The more pressing question is how expensive will it be to actually find and extract it? As noted, half the world’s known reserves live in Iran, Iraq, Saudi Arabia, and Kuwait, a thought that should give pause to cheerleading. Many oil companies are turning offshore for new discoveries, but again as noted, that’s harder and more expensive. There may be plenty of oil out there, but what happens if it only becomes economic to extract it at $50 a barrel? There’s a difference between the total supply of oil and the total supply of cheap oil. That difference may turn out to be minor, but it’s too soon to dismiss it.
Indeed, some in the oil patch think the supply of cheap oil will peak in the next ten years or so. This is a controversial position, but it’s not Greenpeace that’s pushing it. Again, all I’m saying here is that Steyn is behaving a bit like Pollyanna. Responding to silly doomsaying with silly blue-skying is, well, silly.
Even in places that are now friendly (or at least friendlier) to us and which have a fair amount of oil, there’s much to be done before it can be reliably transported to us. This article about oil production in Russia gives a good overview. Russian oil will eventually help us lessen our dependence on OPEC, but we’ll have to reduce our rate of consumption if we ever want to get that monkey fully off our backs.
Steyn himself fails to make note of the consequences of his free market prescriptions:
Thirty years after the first doom-mongering eco-confab in Stockholm, it should be obvious even to the UN frequent-flyer crowd. Markets aren’t the problem, but the solution to the problem. The best way to clean up the neighbourhood is to make people wealthier. To do that, you need free markets, democracy, the rule of law and public accountability. None of those things exist in the Middle East, which is the real reason they’ll be taking communal showers once a month in 2032.

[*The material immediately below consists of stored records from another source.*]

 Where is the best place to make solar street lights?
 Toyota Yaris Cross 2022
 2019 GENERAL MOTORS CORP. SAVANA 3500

Since 1970, when the great northern forest was being felled to print Paul Ehrlich best-sellers, the U.S. economy has swollen by 150%; automobile traffic has increased by 143%; and energy consumption has grown 45%.
So if free-market democracy comes to the Middle East and raises everyone’s standard of living – and don’t get me wrong here, this is a highly desireable thing – we can expect the rate of consumption of oil, among other things, to greatly increase. What effect will that have on the rate of depletion of the reserves? The Shell report seems to take this into account when discussing how much oil there is left, but let’s face it: The rate of economic growth and natural resource consumption resulting from third-world countries transitioning to free-market democracy is pretty darned unpredictable. We just don’t know.

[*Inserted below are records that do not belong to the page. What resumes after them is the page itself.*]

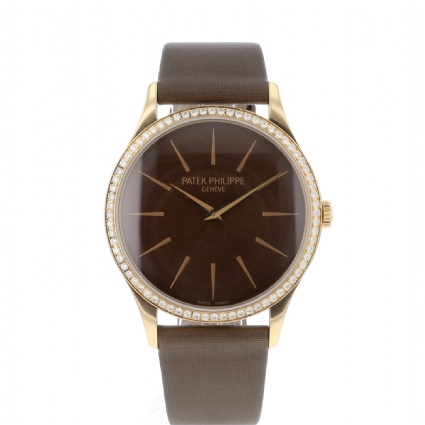 Calatrava Rosegold 33mm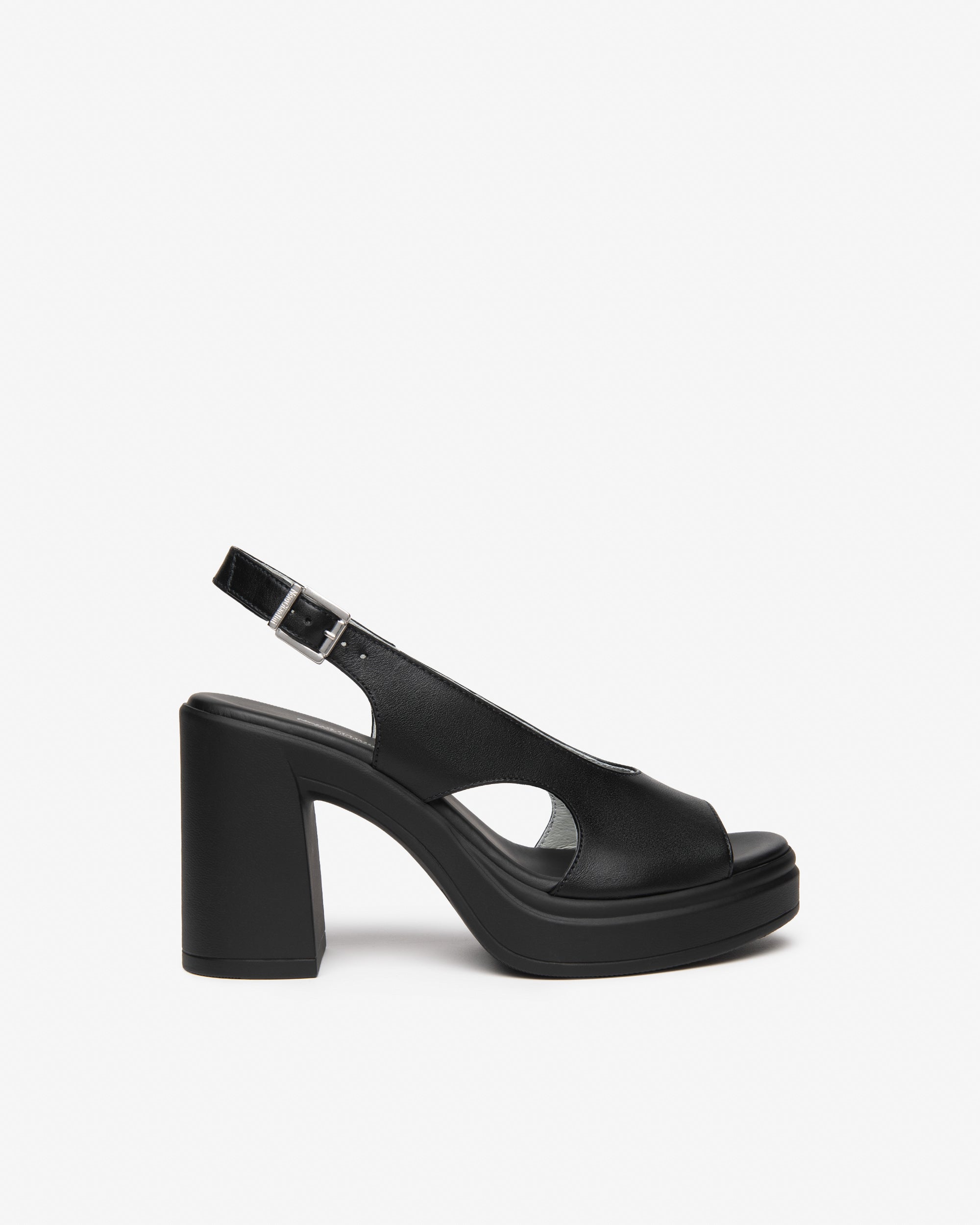 Nerogiardini Sandales cuir femme 38 confort été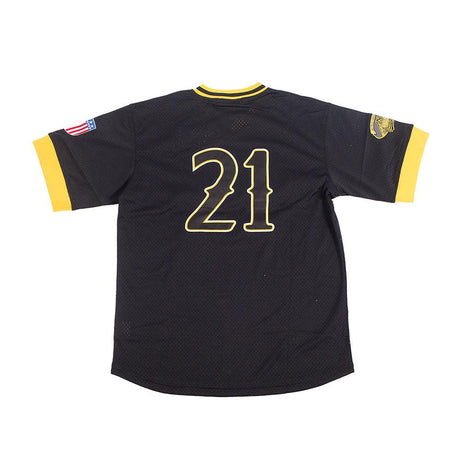 PITTSBURGH CRAWFORDS PULLOVER BATTING PRACTICE JERSEY - Allstarelite.com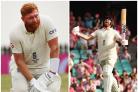 Bradford's Jonny Bairstow hits brave Ashes century after playing through the pain barrier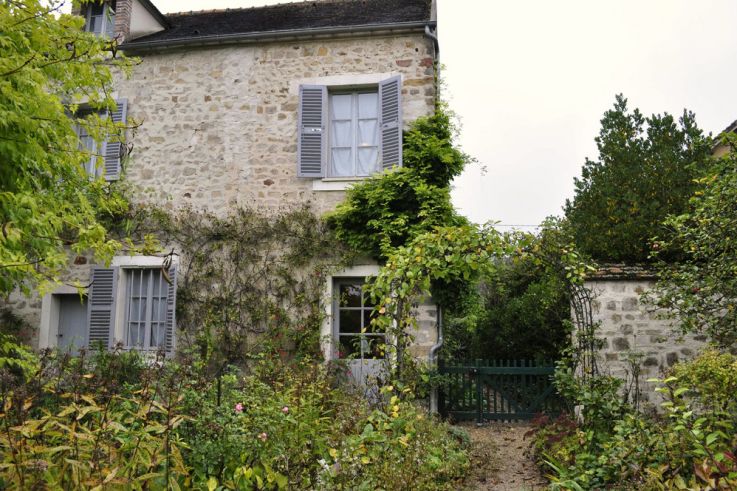 Nuit des Musées 2023 au musée Stéphane Mallarme (77)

Finally, while the free market is good for many things, it’s not a panacea:
[Also since 1970], air pollutants have declined by 29%, toxic emissions by 48.5%, sulphur dioxide levels by 65.3%, and airborne lead by 97.3%.

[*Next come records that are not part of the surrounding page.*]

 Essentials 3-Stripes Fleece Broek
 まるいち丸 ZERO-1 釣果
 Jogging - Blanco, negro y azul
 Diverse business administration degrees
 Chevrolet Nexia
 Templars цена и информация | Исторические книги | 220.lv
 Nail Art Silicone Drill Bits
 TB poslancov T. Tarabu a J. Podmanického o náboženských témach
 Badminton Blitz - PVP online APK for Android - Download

Call me crazy, Mark, but I think the Clean Air Act may have had something to do with that. Go read Steven den Beste’s discussion of spoiling the commons for the reason why government has a vital role to play.
I have no intention to monger fear on this issue. Among the many things I don’t worry about when I crawl into bed at night is whether we’ll run out of oil in my lifetime. That doesn’t mean there’s nothing to think about, however. Mark Steyn would be wise to give it a little more thought.
(If you want to give it a little more thought, go back to the beginning of this Shell article and read their excellent overview on the history and technology of exploration and production.)